* _Instructions for the task_: Images are to be excluded, and the rest of the data repeated exactly.

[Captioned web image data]
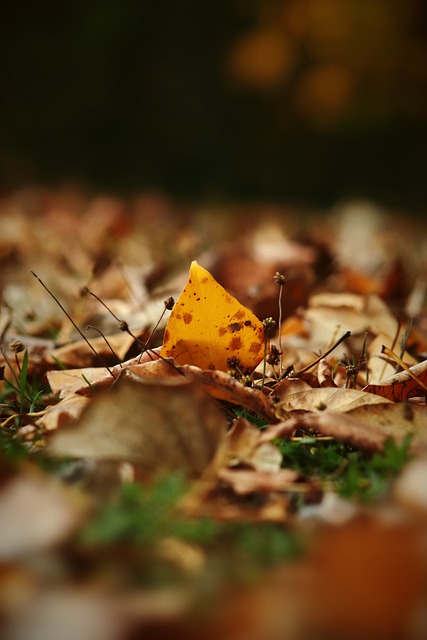 中发挥着至 中发挥着至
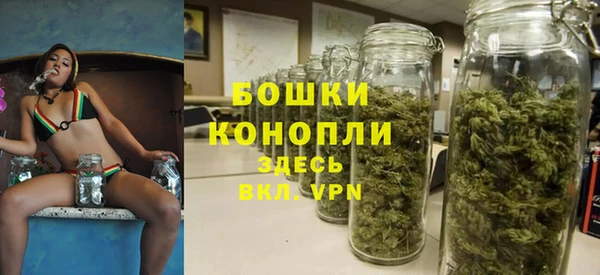 эйфоретик Богородск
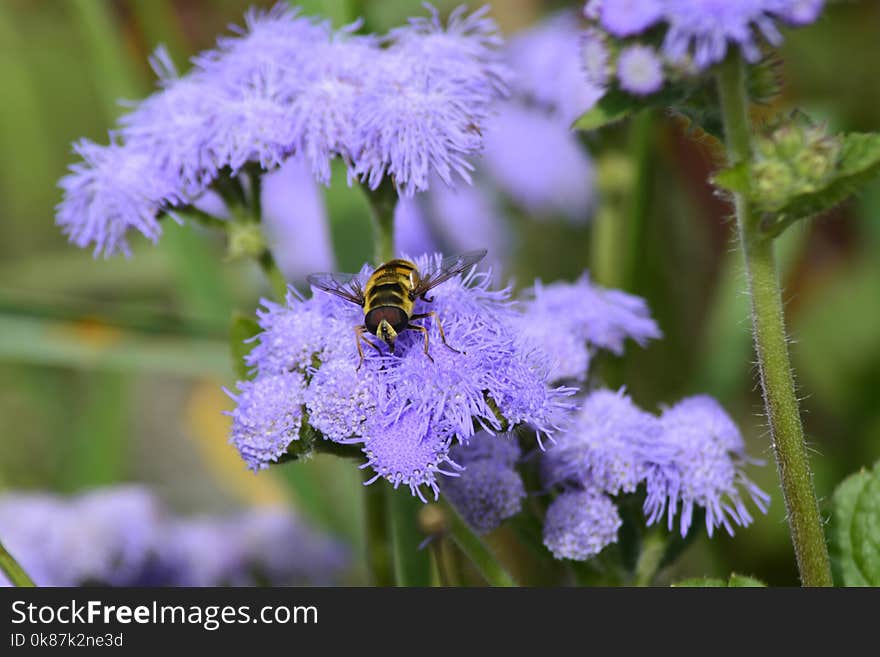 Honey Bee, Flower, Bee, Purple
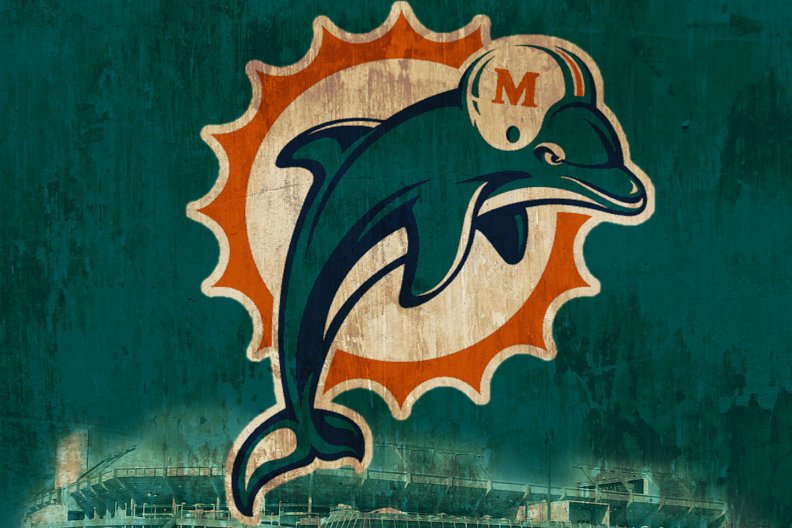 Dolphins Rough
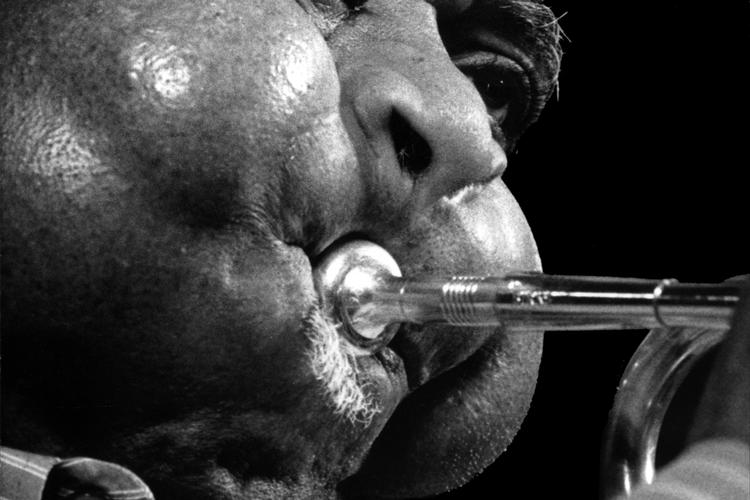 Jens Dresling/POLFOTO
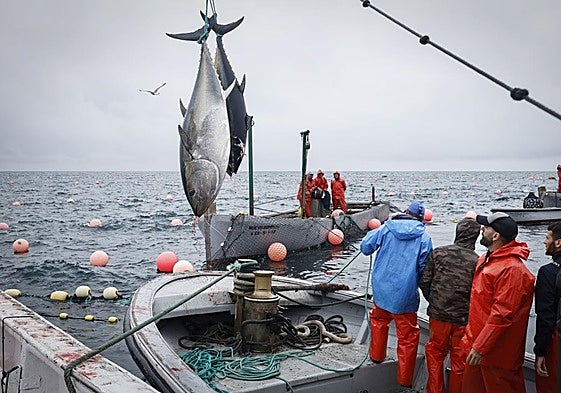 Some of the tuna captured during the almadraba that took place last week in Barbate.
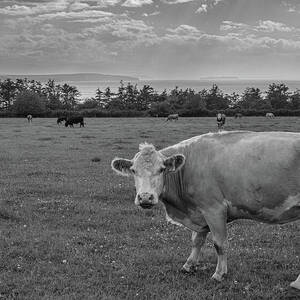 Milk Cow by the Salish Sea in Black and White by Mary Lee Dereske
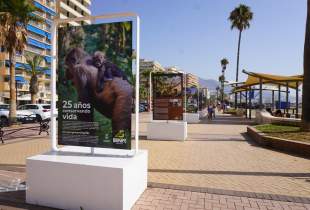 25 años con Bioparc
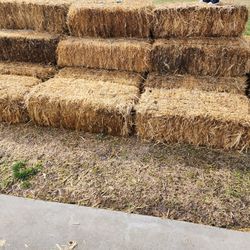 50 Bales Of Hey Available @ 18$each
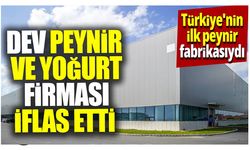 Türkiye'nin İlk Peynir Fabrikası Yörsan İflas Etti:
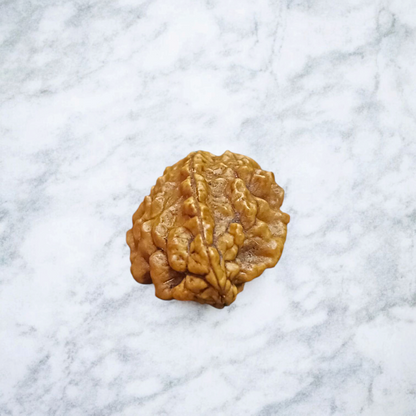 2 Mukhi Rudraksha Pendant Lab Certified - Natural 2 Face Rudraksha for Shiva and Shakti – Malawala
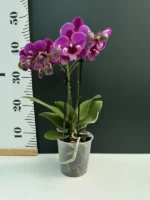 Phalaenopsis - Black Bear - Image 2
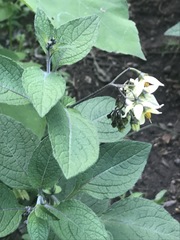 Solanum bulbocastanum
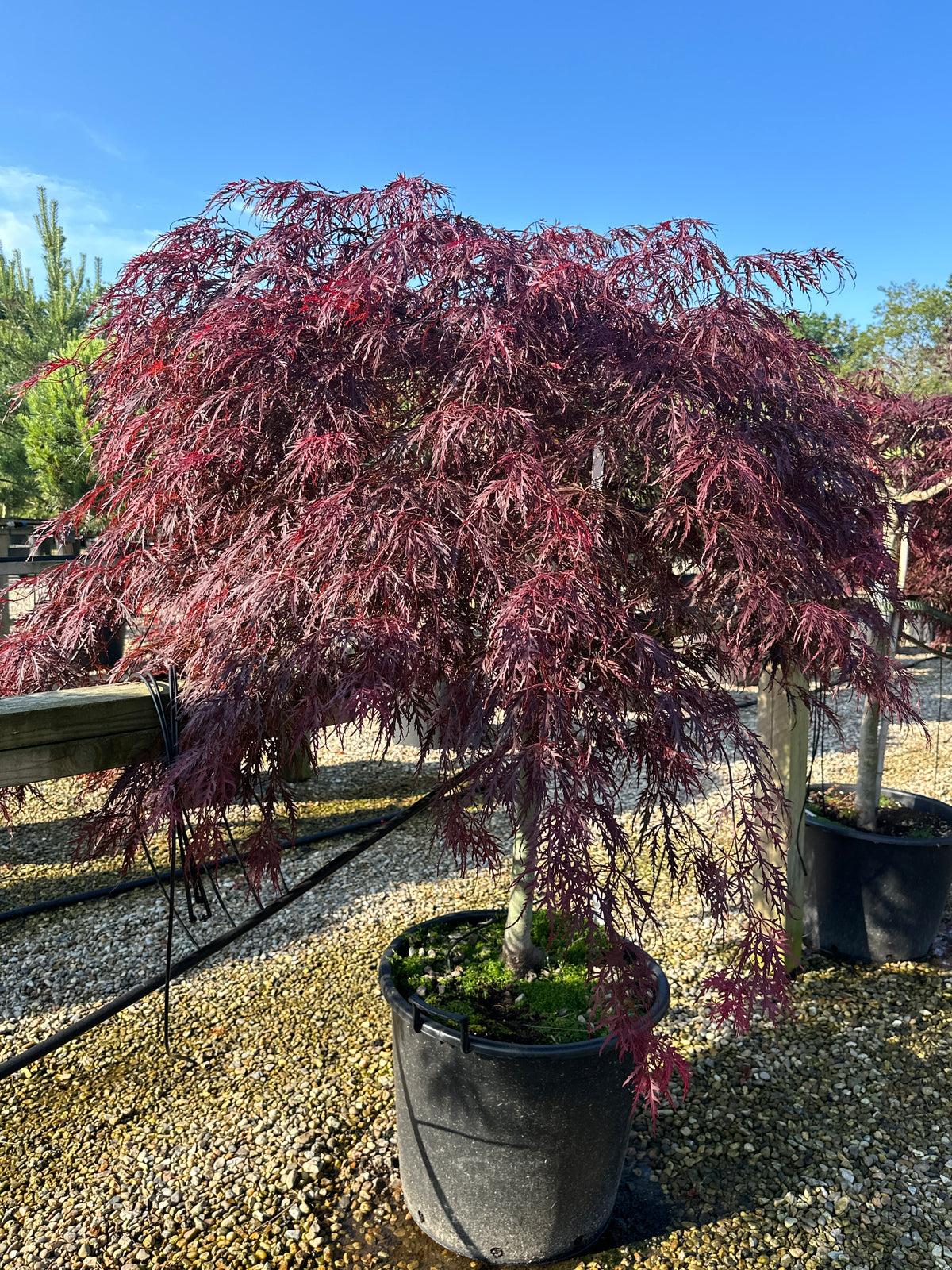 En opstammet Acer palmatum 'Dissectum Garnet' med sirligt klippede, flade puder af finfligede, mørkerøde.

* _Result_:
 中发挥着至 中发挥着至
 эйфоретик Богородск
 Honey Bee, Flower, Bee, Purple
 Dolphins Rough
 Jens Dresling/POLFOTO
 Some of the tuna captured during the almadraba that took place last week in Barbate.
 Milk Cow by the Salish Sea in Black and White by Mary Lee Dereske
 25 años con Bioparc
 50 Bales Of Hey Available @ 18$each
 Türkiye'nin İlk Peynir Fabrikası Yörsan İflas Etti:
 2 Mukhi Rudraksha Pendant Lab Certified - Natural 2 Face Rudraksha for Shiva and Shakti – Malawala
 Phalaenopsis - Black Bear - Image 2
 Solanum bulbocastanum
 En opstammet Acer palmatum 'Dissectum Garnet' med sirligt klippede, flade puder af finfligede, mørkerøde.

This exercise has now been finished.